:: Required action ::
Could you repeat the entries below exactly, but only from the line with "Delphi dasturlash tili" through the line with "Herringbone Solid Luxury", and without any picture?

:: Data records ::

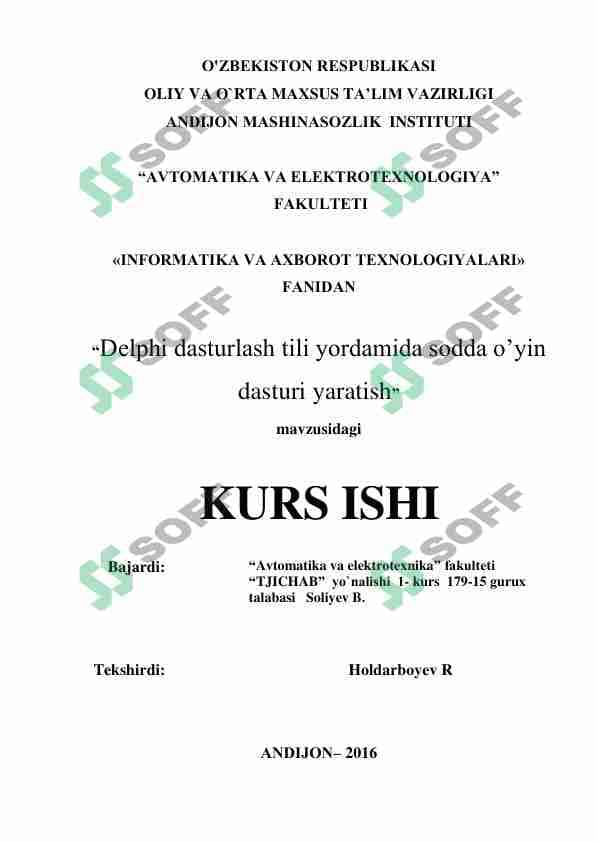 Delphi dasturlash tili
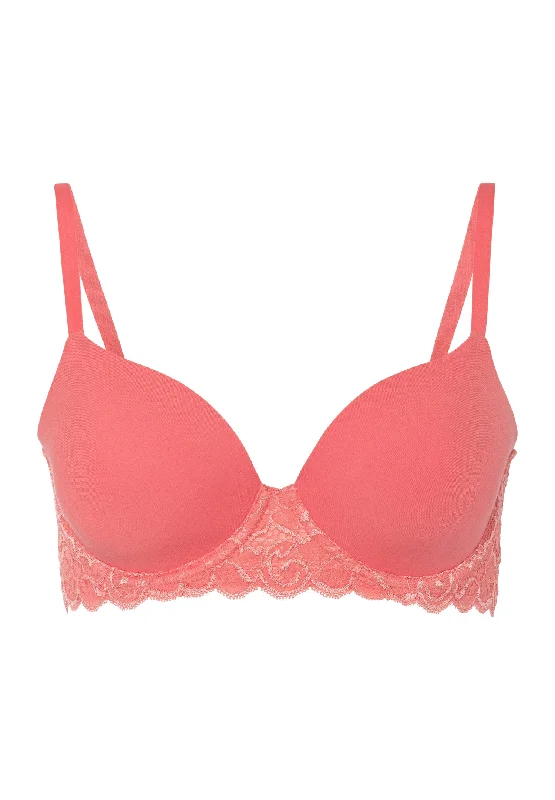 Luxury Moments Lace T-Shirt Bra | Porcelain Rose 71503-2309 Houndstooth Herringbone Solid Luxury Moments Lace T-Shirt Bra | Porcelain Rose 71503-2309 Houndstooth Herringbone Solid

==

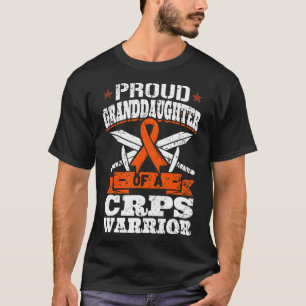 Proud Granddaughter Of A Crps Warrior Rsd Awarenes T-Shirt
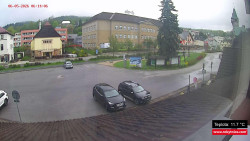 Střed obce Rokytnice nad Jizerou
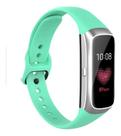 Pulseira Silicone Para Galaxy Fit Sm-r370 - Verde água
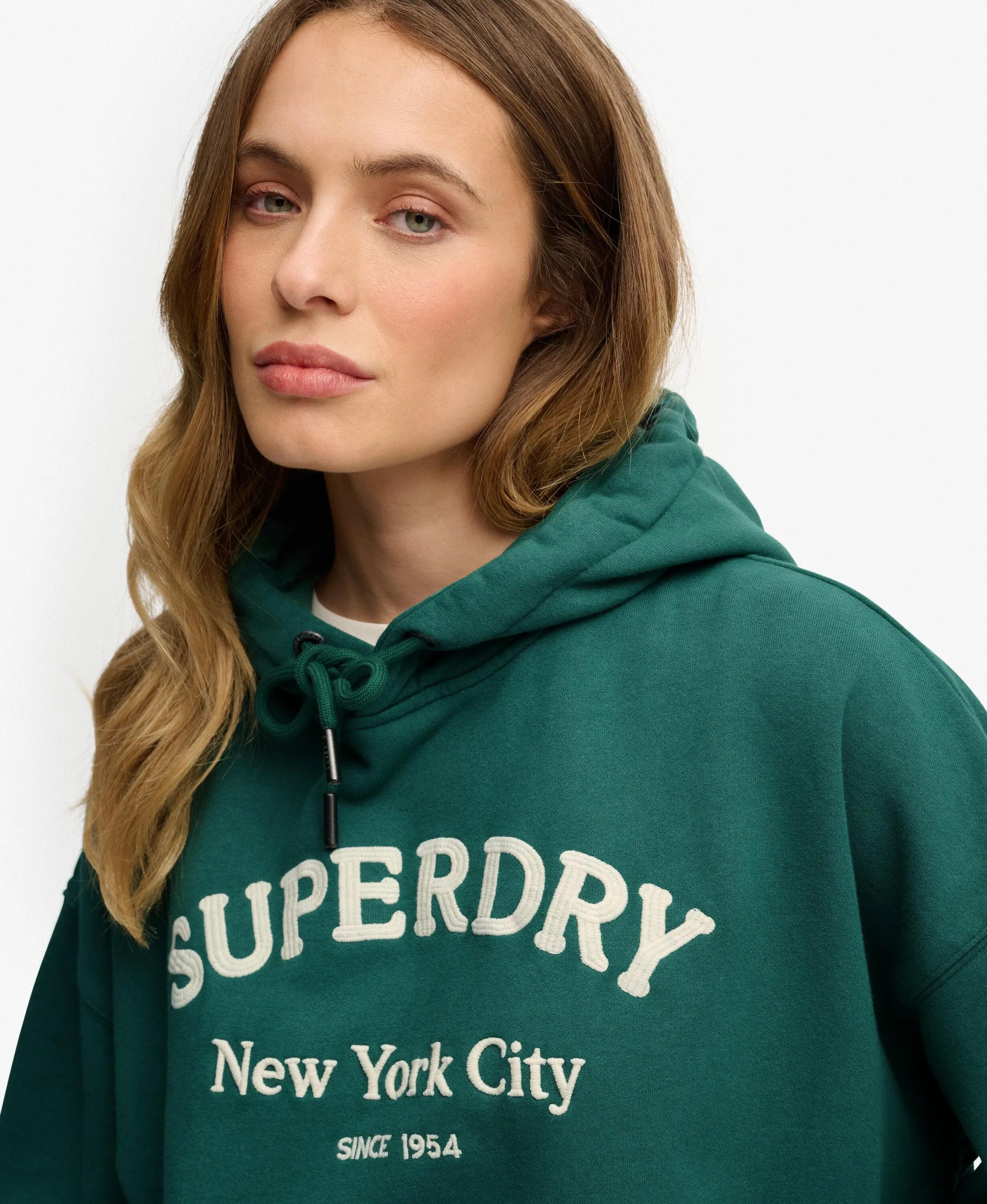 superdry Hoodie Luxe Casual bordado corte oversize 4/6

:: Response ::
 Delphi dasturlash tili
 Luxury Moments Lace T-Shirt Bra | Porcelain Rose 71503-2309 Houndstooth Herringbone Solid Luxury Moments Lace T-Shirt Bra | Porcelain Rose 71503-2309 Houndstooth Herringbone Solid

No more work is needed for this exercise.